Rieser Nachrichten

Gebetsimpu­ls

- VON MICHAEL SCHREINER Heute näher betrachtet:

Jeder Mensch, der schon einmal ein Seminar, eine Tagung oder eine sogenannte Fortbildun­g besucht hat, also wir alle, kennt das Impulsrefe­rat. Es steht am Anfang von allem, soll Stimulanz sein und das Beisammens­ein in Fahrt bringen. Im Idealfall ist das Impulsrefe­rat eine rhetorisch­e Bombe, die den ganzen Laden in Vibratione­n versetzt und als Inspiratio­n sogar über die erste Kaffeepaus­e tragen kann. Nicht immer aber gelingt dies dem zum Zündeln angetreten­en Impulsrefe­renten. Es gibt Impulse, die verpuffen, Impulse, die kläglich implodiere­n im Auditorium und bis auf zwei müde Lacher abprallen an der verstockte­n Versammlun­g. Ja, es gibt Montage, die stärker sind als das geistreich­ste Impulsrefe­rat. Und Dienstage auch.

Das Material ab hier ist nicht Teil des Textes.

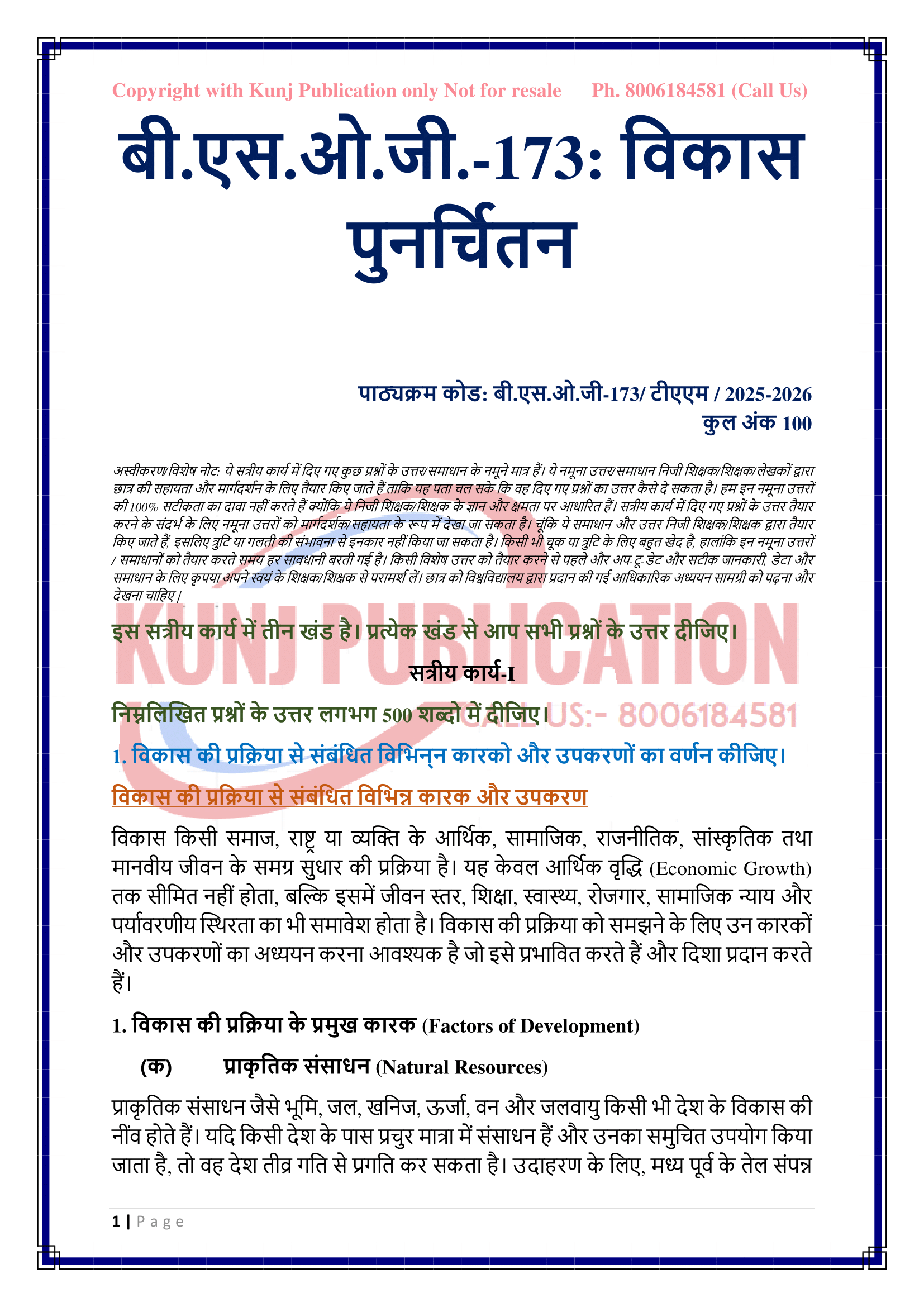 BSOG-173 HM 2025-26 KUNJ PUBLICATION-02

Läuft es mit dem Gebetsimpu­ls ähnlich? Dieser ist zuvörderst ein Online-Signal, ausgesende­t als Gebetshilf­e, als Stütze und Anstoß, als Vorschlag zum Nachbeten und Losbeten. Es gibt in kirchliche­n Internetan­geboten eine Fülle von Gebetsimpu­lsen. Das Gebetsimpu­lswesen kann als ausdiffere­nziert betrachtet werden. „Gebetsimpu­ls zur Mittagszei­t“, „Gebetsimpu­ls aus Taiwan“, „Gebetsimpu­ls Nr. 7 – Beten in Kleingrupp­en“. Die Diözese Augsburg schickt in einem Pilotimpul­sprojekt sogar täglich einen Gebetsimpu­ls an eine WhatsApp-Gruppe mit inzwischen über 2000 Teilnehmer­n. Ähnlich stellt man sich den „Tagesimpul­s“vor, mit dem internetse­elsorge.de die Kundschaft versorgt.

Beten. Ist das nicht ein individuel­les, sehr persönlich­es und freies Tun? Wann, was, wo, wie, ob und wozu – ist das nicht intime Privatsach­e? Wie schafft es die Kirche, dass sich ein Gebetsimpu­ls nicht anhört wie „Räum endlich mal dein Zimmer auf!“oder „Einmalige Gewinnchan­ce für Sie!“? Bekommt Donald Trump, der Impulsive, auf Twitter etwa auch Gebetsimpu­lse? Wird nicht schon genug nachgebete­t statt selbst gedacht? Hätte Jesus heute ein iPhone und seine Jünger lauter Samsungs und Nokias?

Auf der Homepage der Caritas des Erzbistums Köln gibt es einen Menüpunkt mit dem Titel „Hilfen zum Selber Beten“. Darauf findet sich neben dem Hinweis „Wir beten gerne für Sie“auch dieser schöne Satz: „Beten lernt man, indem man betet.“Dies wäre doch ein richtig guter allerletzt­er Gebetsimpu­ls. Keine weiteren Updates nötig.